## Change Point Problems :

Change point problems involve identifying shifts or discontinuities in a given data set. These shifts can occur in various forms, such as a sudden change in the mean or variance of the data, or a change in the underlying distribution of the data.

One example of a change point problem is identifying shifts in the mean of a time series data set. For instance, in stock market data, there may be sudden changes in the average daily price of a stock due to market events or shifts in investor sentiment. Identifying these shifts can provide valuable insight into the underlying drivers of the stock’s performance, and can aid in making informed investment decisions.

To solve this problem, statistical techniques such as the CUSUM (Cumulative Sum) method can be used. This method involves calculating the cumulative sum of the differences between the observed data and the expected data, based on a given null hypothesis. If the cumulative sum exceeds a certain threshold, this indicates a shift in the mean of the data and a change point is identified.

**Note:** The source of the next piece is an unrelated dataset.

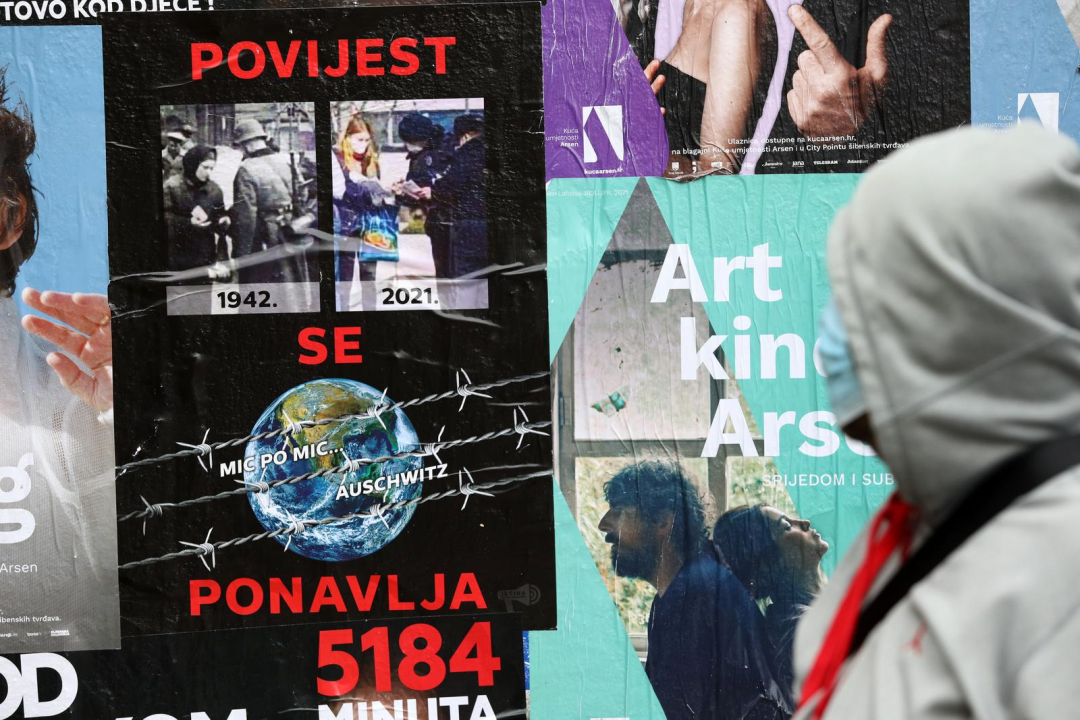 'Mic po mic Auschwitz': Plakati osvanuli po Šibeniku, netko je mislio da je dobra ideja izjednačiti protivnike mjera sa stradavanjem Židova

Another example of a change point problem is identifying shifts in the variance of a data set. In manufacturing data, for instance, there may be sudden changes in the variability of product defects due to changes in production processes or materials. Identifying these shifts can help identify underlying causes of the changes in variance, and can aid in implementing corrective measures to improve product quality.

To solve this problem, statistical techniques such as the Generalized Likelihood Ratio Test (GLRT) can be used. This method involves comparing the likelihood of the observed data under two different hypotheses: one where the variance remains constant, and one where the variance changes at a given point in time. If the likelihood under the second hypothesis is significantly higher, this indicates a shift in the variance of the data and a change point is identified.

In both of these examples, change point analysis can provide valuable insights into shifts or discontinuities in a given data set. This can aid in decision making, and can help identify underlying causes of changes in the data.